It’s slow and I’m still learning. The burden I’m gradually shedding is painful. But for what feels like the first time, I can see more clearly a life without him, and without those hurt feelings that seemed ever-present. I can go through a day without my thoughts being absorbed with “us.” Without thinking of that green thermal or the first time he held my hand. And that song is just a song.
For the first time in a long time, I don’t have to chastise myself for feeling happy. I’m finally beginning to feel like it’s not the meant-to-be relationship I’ve been making it out to be all this time. And that it’s okay. That sometimes things don’t work out, and we move on, we learn and grow from it. That it’s okay to feel sad, and that trials are an inevitable and crucial part of life. That things will go on! I’m alive. I’m still breathing. And I have a lot to grateful and joyful for.
As President Dieter F. Utchdorf said: “…please understand that what you see and experience now is not what forever will be. You will not feel loneliness, sorrow, pain, or discouragement forever. We have the faithful promise of God that He will neither forget nor forsake those who incline their hearts to Him.” My Heavenly Father undoubtedly has a superior plan in place for my life than I have for myself, and in time and with proper righteous action on my part, I can seek His will, and find that clarity, perspective, and peace I desire.

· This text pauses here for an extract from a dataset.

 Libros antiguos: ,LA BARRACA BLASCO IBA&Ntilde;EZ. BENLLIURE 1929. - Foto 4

And it is on that note that I mention in surety that I would be committing a grave injustice to my Savior if I said that He is not the reason that I’m finding this blessed capacity to heal. It is surely through obedience to the Gospel and living my life in accordance with embedded testimonial and eternal truths that I’ve been able to transcend this and many other temporal anxieties and concerns. As I’ve come to more fully catch a glimpse of the incomprehensible love and awareness that our Heavenly Father and Savior have for us and empathy of our individual grief, the more I recognize that they are the only true source to heal all wounds, comfort all afflictions, supply us power, and enable us to grow and become better. They are not ignorant of our suffering, even if we feel others may be. We are not asked to confront more than we can bear. He trusts us that much. And for that I am eternally grateful and indebted.
Phew. This is scary. But I’m going to press ‘publish’ now. Thanks for reading.